The Wormburners by John Craig
I picked up this book in junior high and the story always kind of stuck with me. It’s about an informal inner city cross country running club and how the members used it as an outlet for the challenges in their daily lives and found commonality in their commitment to the sport and its challenges. Even at a young age, I could really the relate to the “do it for the love of the sport” and “embrace and enjoy the process of improvement” aspects of the book which are themes I tend to stress with my athletes.
The Cyclists Training Bible by Joe Friel
I read this when I first transitioned from multi sport to cycling in the early 2000’s, and it provides a lot of detail on general training philosophies and structured approaches for cyclists. You may love or hate “formalized” training, but if you are a cyclist adhering to any type of generally accepted training approach, its likely based in some part on ideas in this book and/or from its author.
The Self-Coached Runner: Cross Country & the Shorter Distances by Allan Lawrence
Another book from junior high. I picked this up when I was trying to figure out how to train for local youth track meets. This really got me interested in the “process” from a more structured standpoint and helped me understand how to train as a runner. Despite the book’s age, and advances in sports science and gadgetry, the fundamentals in it are still sound.
Training and Racing with a Power Meter by Hunter Allen and Andrew Coggan
I bought and poured through this book in the mid 2000’s as I started to see I had some ability as a cyclist and incorporated a power meter in my training. Even though some of the equipment sections are dated, it’s the most complete outline on how and why to use power for cycling and is a fantastic reference for any coach or athlete that wants to know more about using power as a tool.

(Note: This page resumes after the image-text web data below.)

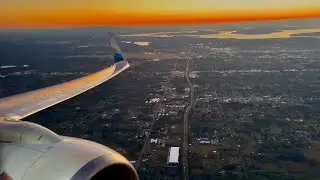 [4K] &ndash; Stunning Seattle Sunset Landing &ndash; Alaska &ndash; Boeing 737-900/ER &ndash; SEA &ndash; N277AK &ndash; SCS 1517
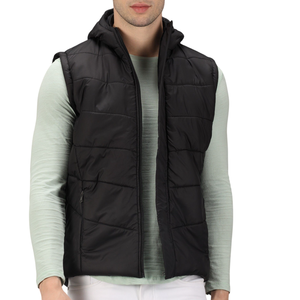 Gilet matelassé léger avec logo personnalisé pour hommes-Manteau d'hiver chaud et respirant sans manches matelassé de haute qualité-Couche d'extérieur élégante - Product Image 1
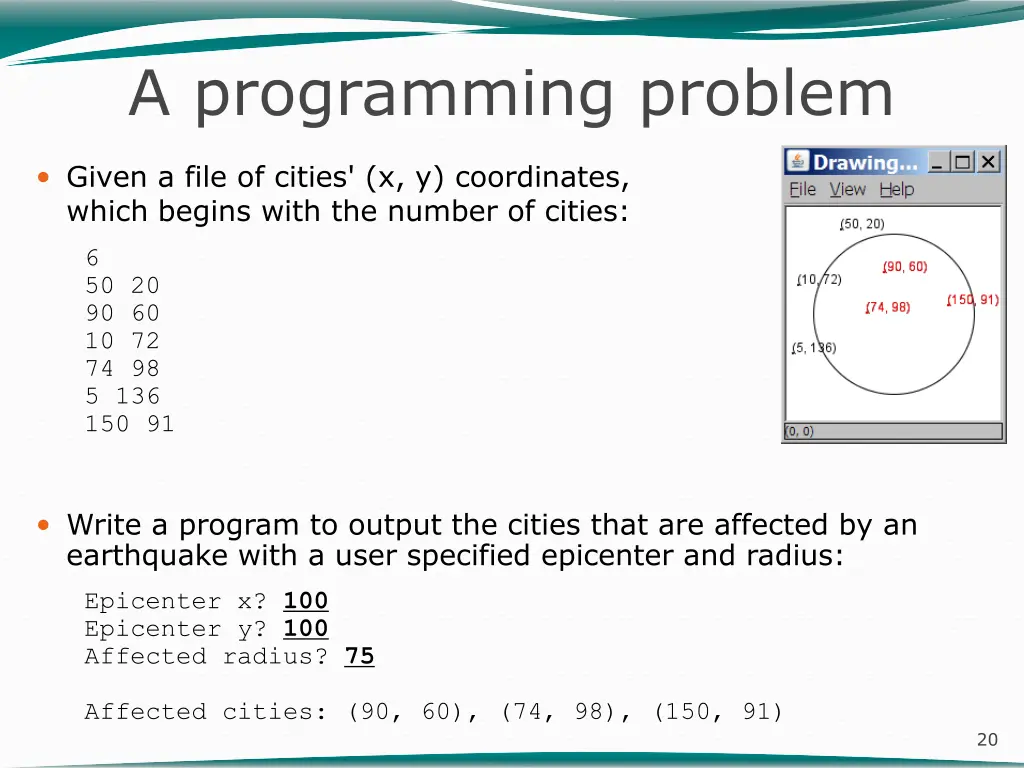 a programming problem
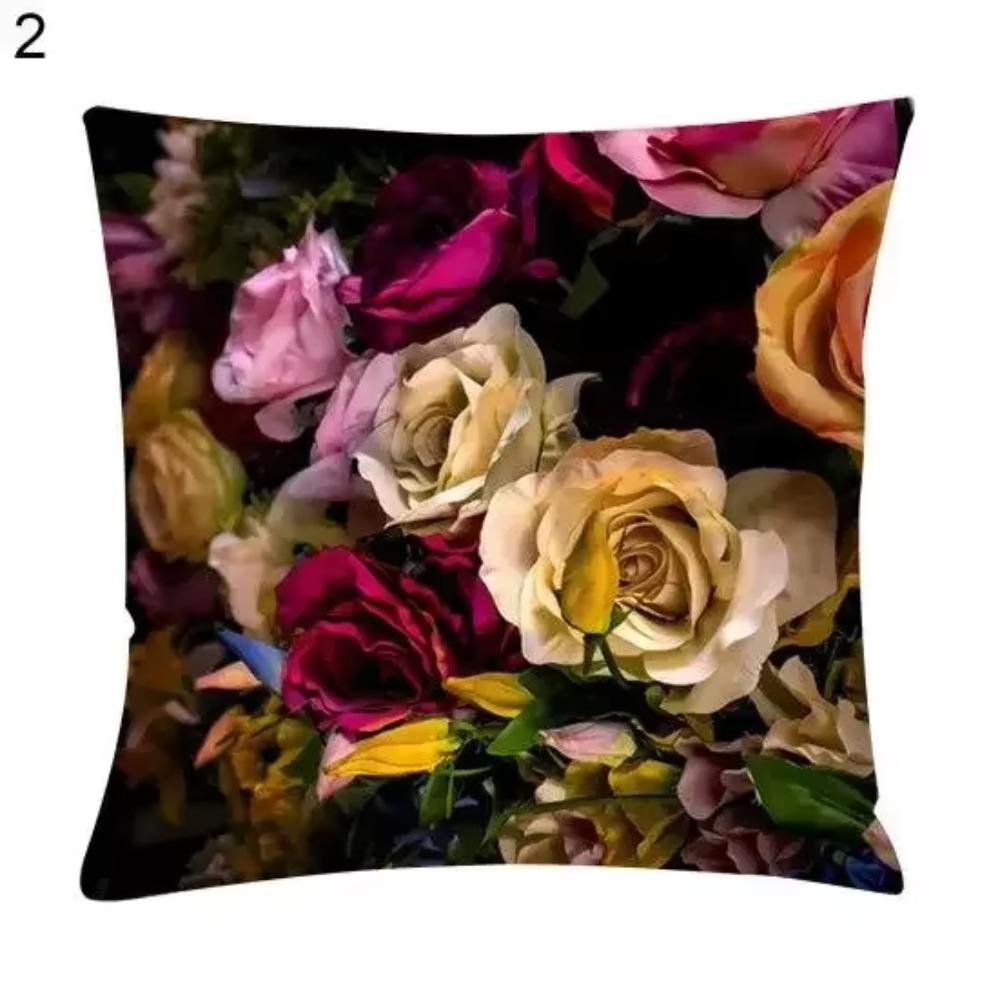 

Pillow Case Throw Cushion Cover Square Headrest 30x30cm чёрный
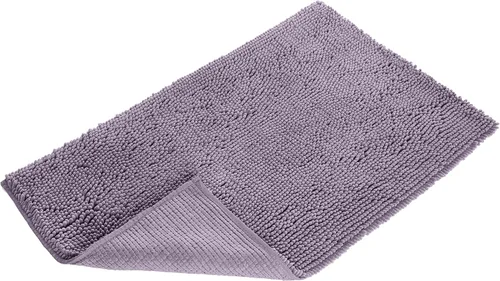 Vista 5 de Amazon Basics - Alfombra antideslizante de microfibra absorbente y mullida para baño, 21" x 34", color lavanda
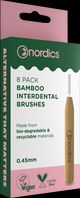 Nordics Öko Interdental Zahnbürste Bambus 0,45mm - 8 Stück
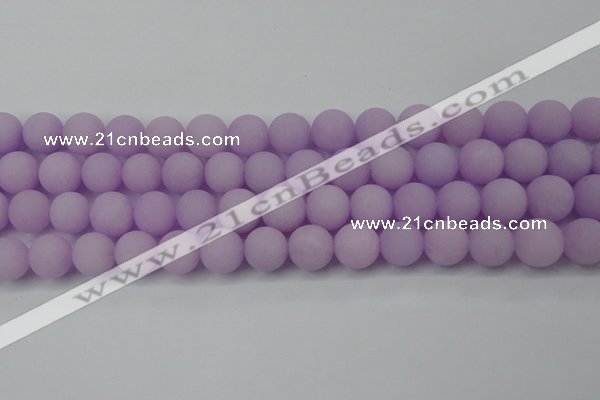 CCN2501 15.5 inches 14mm round matte candy jade beads wholesale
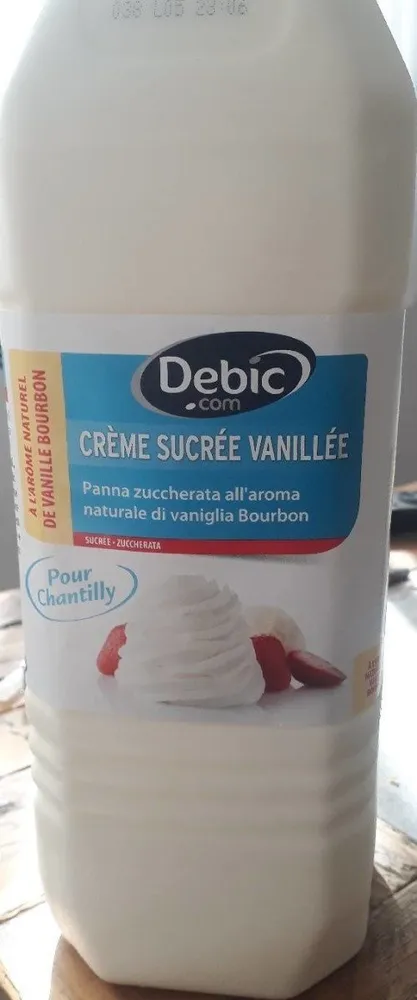 Crème Uht Sucrée Vanillée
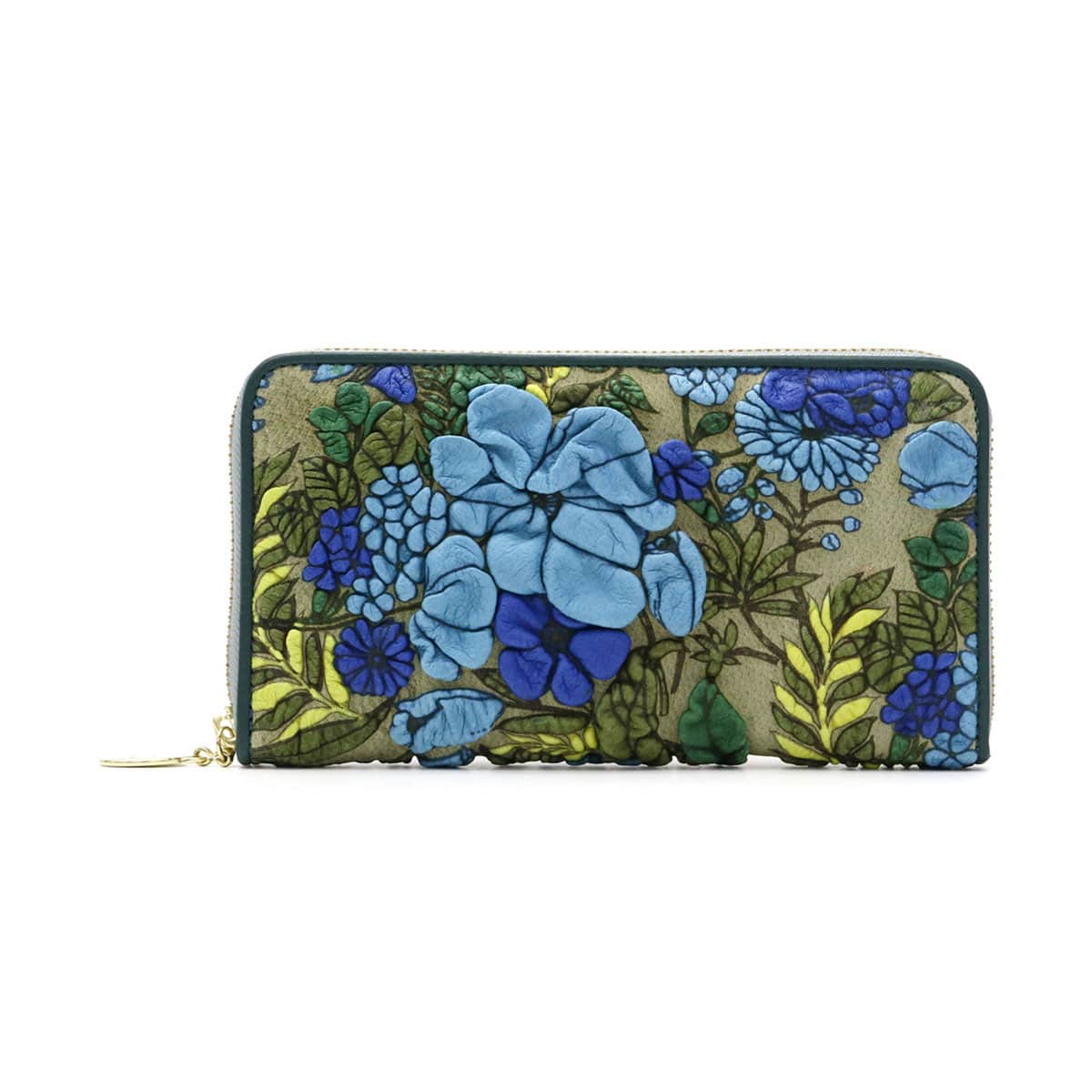 デコブランシェ decobranche 長財布 KYOUKA 京香 財布 友禅革 本革 ラウンドファスナー 小銭入れあり レディース日本製 d-03-21 おもてなしセレクション受賞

Once A Runner by John L Parker
My all-time favorite athletics book. It follows the “miles of trials” of fictional collegiate runner Quenton Cassidy in pursing running a 4 minute mile. But it is so much more. It’s an honest, inspirational read that really captures the soul of elite level running written by someone who has been close to the top of the sport. The author really has a talent for articulating what drives passionate runners to do the crazy things they do. Its core themes are running related, but I think any endurance athlete can relate to the themes of dedication, passion and borderline obsession.